On the go: Legal & General Investment Management is removing five companies from its Future World Fund range for failing to meet stringent climate change criteria.

They include ExxonMobil Corporation, which did not meet some of the asset manager’s key minimum requirements, including on emissions reporting and targets.

Other companies facing the axe include Hormel Foods and Kroger, following low scores on governance and strategy and a lack of engagement, as well as Korean Electric Power Corporation, which was was the lowest-scoring company in its sector, particularly on measures of strategy and board composition. LGIM said the company also showed a lack of willingness to engage.

MetLife is among the divestment candidates following no response to engagement attempts, low scores in most categories of assessment, lack of robust climate governance, poor risk disclosure and limited visibility over climate-related opportunities.

LGIM bases its assessments of these firms through its annual climate change audit of six sectors: oil and gas, mining, electric utilities, car manufacturers, food retail and financials.

This year’s results reveal improvements in the average scores of all sectors, with those under most public scrutiny – such as oil and gas, utilities and car manufacturers – making great strides in disclosures and targets.  

Some companies were signalled out for praise.
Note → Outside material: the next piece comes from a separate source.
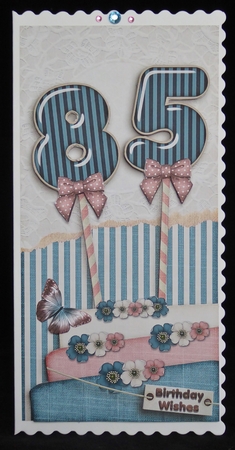 Vintage DL 85th deep blue Birthday Topper Cardkit 1294 by Irene Woods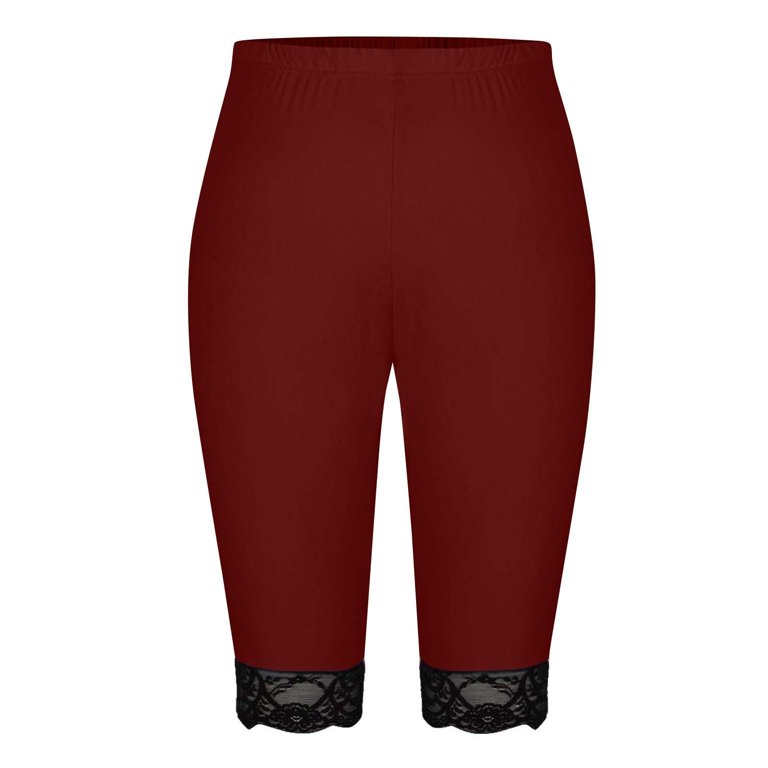 ladies leggings dress Qhfbli Under Dress Leggings for Women High Waisted Womens Leggings with Elegant Lace Trim 5 Inch Inseam for Yoga Workout Running Soft Stretch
In the oil and gas sector, Equinor has agreed to provide more details about how its future investment plans in oil and gas exploration are consistent with the Paris agreement.
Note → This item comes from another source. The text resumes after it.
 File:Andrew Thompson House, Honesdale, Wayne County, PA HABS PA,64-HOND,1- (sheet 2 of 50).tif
Royal Dutch Shell has adopted comprehensive emission targets, linked to executive pay, which include not just emissions from the company’s operations, but also from the burning of its oil and gas products.
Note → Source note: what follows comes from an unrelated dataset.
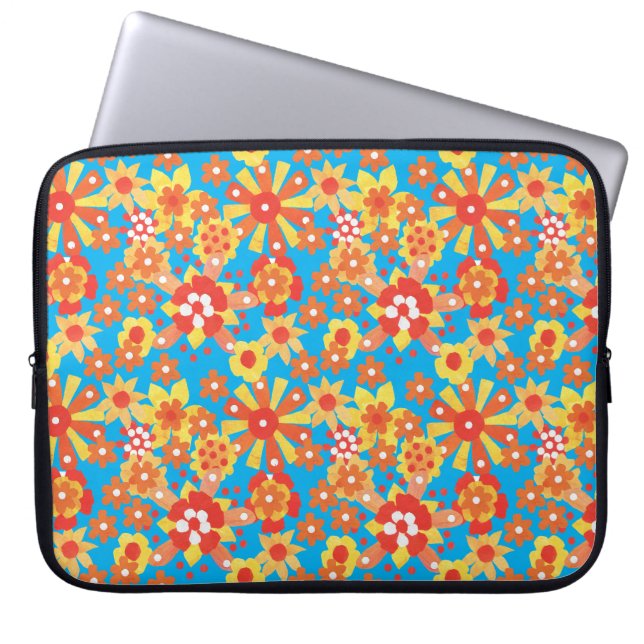 Neoprene Laptop Sleeve, Ditsy Flowers Laptop Sleeve (Front)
Last year Rio Tinto became the first major miner to own no coal assets. This was followed by a step change in lobbying.

Similarly, BHP Billiton has indicated that coal is to be “phased out, possibly sooner than expected”, with the company having “no appetite for growth in energy coal regardless of asset attractiveness”.

Daimler has committed to a zero-emissions new car fleet by 2039. For its Mercedes subsidiary, it aims for electric vehicles to make up half of total sales in little more than a decade. An industry first, this is coupled with the introduction of targets for full carbon emissions.

Westpac, Citigroup, Commonwealth Bank of Australia and BNP Paribas are piloting climate change scenario analysis, with insurers Axa and Allianz also conducting scenario analysis on assets, as well as introducing stringent restrictions on coal investments and insurance.

Commenting on the research, Meryam Omi, head of sustainability and responsible investment strategy at LGIM, said: “Talks without action are no longer fit for purpose given the urgency to address climate change. We are enormously encouraged by the progress made by many of the companies.

“Companies at the bottom are catching up, while leaders continue to break new ground. But we know much more is needed, and will continue to push companies to build business models fit for a prosperous, sustainable future.”